The SEC incorporates cybersecurity considerations in its disclosure and supervisory programs, including in the context of its review of public company disclosures, its oversight of critical market technology infrastructure, and its oversight of other regulated entities, including broker-dealers, investment advisors and investment companies. Considering rapidly changing technology and the proliferation of cybersecurity incidents affecting both private and public companies (including a hacking of the SEC’s own EDGAR system and a hacking of Equifax causing a loss of $5 billion in market cap upon disclosure), threats and risks, public companies have been anticipating a needed update on the SEC disclosure-related guidance.

SEC Commissioner Kara Stein’s statement on the new guidance is grim on the subject, pointing out that the risks and costs of cyberattacks have been growing and could result in devastating and long-lasting collateral affects. Commissioner Stein cites a Forbes article estimating that cyber-crime will cost businesses approximately $6 trillion per year on average through 2021 and an Accenture article citing a 62% increase in such costs over the last five years.

Commissioner Stein also discusses the inadequacy of the 2011 guidance in practice and her pessimism that the new guidance will properly fix the issue.  She notes that most disclosures are boilerplate and do not provide meaningful information to investors despite the large increase in the number and sophistication of, and damaged caused by, cyberattacks on public companies in recent years. Commissioner Stein includes a list of requirements that she would have liked to see in the new guidance, including, for example, a discussion of the value to investors of disclosing whether any member of a company’s board of directors has experience, education, expertise or familiarity with cybersecurity matters or risks.

I have read numerous media articles and blogs related to the disclosure of cyber-matters in SEC reports. One such blog was written by Kevin LaCroix and published in the D&O Diary. Mr. LaCroix’s blog points out that according to a September 19, 2016, Wall Street Journal article, cyber-attacks are occurring more frequently than ever but are rarely reported. The article cites a report that reviewed the filings of 9,000 public companies from 2010 to the present and found that only 95 of these companies had informed the SEC of a data breach.
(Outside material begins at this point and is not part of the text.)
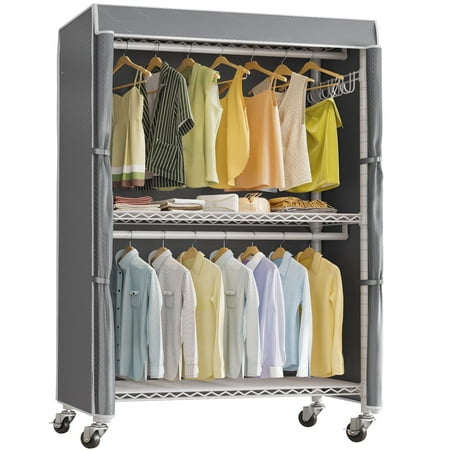 VIPEK R2C Plus Heavy Duty Rolling Garment Rack with Cover Clothing Rack Portable Closets with Adjustable 3 Wire Shelving and Double Rods, Wardrobe on Wheels, White Rack with Grey Cover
As reported in a blog published by Debevoise and Plimpton, dated September 12, 2016, (thank you, thecorporatecounsel.net), a review of Fortune 100 cyber-reporting practices revealed that most disclosures are contained in the risk-factor section of regular periodic reports such as Forms 10-Q and 10-K, as opposed to interim disclosures in a Form 8-K. Moreover, only 20 incidents were reported at all in the period from January 2013 through the third quarter of 2015.

However, as Commissioner Stein notes, the SEC only has so much authority or power through guidance, as opposed to rulemaking.  Commissioner Stein strongly advocates for new rulemaking in this regard. I do not think in the current environment advocating for fewer rules, that rulemaking related to cybersecurity disclosurewill be made a priority. Moreover, I would not advocate for in-depth or robust further rules.  Disclosure is based on materiality, and a company has an ongoing obligation to disclose any material information, including that which is related to cybersecurity matters. I think the SEC can question principals-based specific disclosures, and whether they are robust enough, through review and comment on public company filings.  Certainly, the SEC staff, who reviews thousands of filings, has the knowledge of a lack of cybersecurity disclosure and can comment. In fact, if the SEC wrote a few standard cybersecurity-related disclosure comments and included them in a lot of comment letters, the marketplace would respond accordingly and beef up disclosure to avoid the comments.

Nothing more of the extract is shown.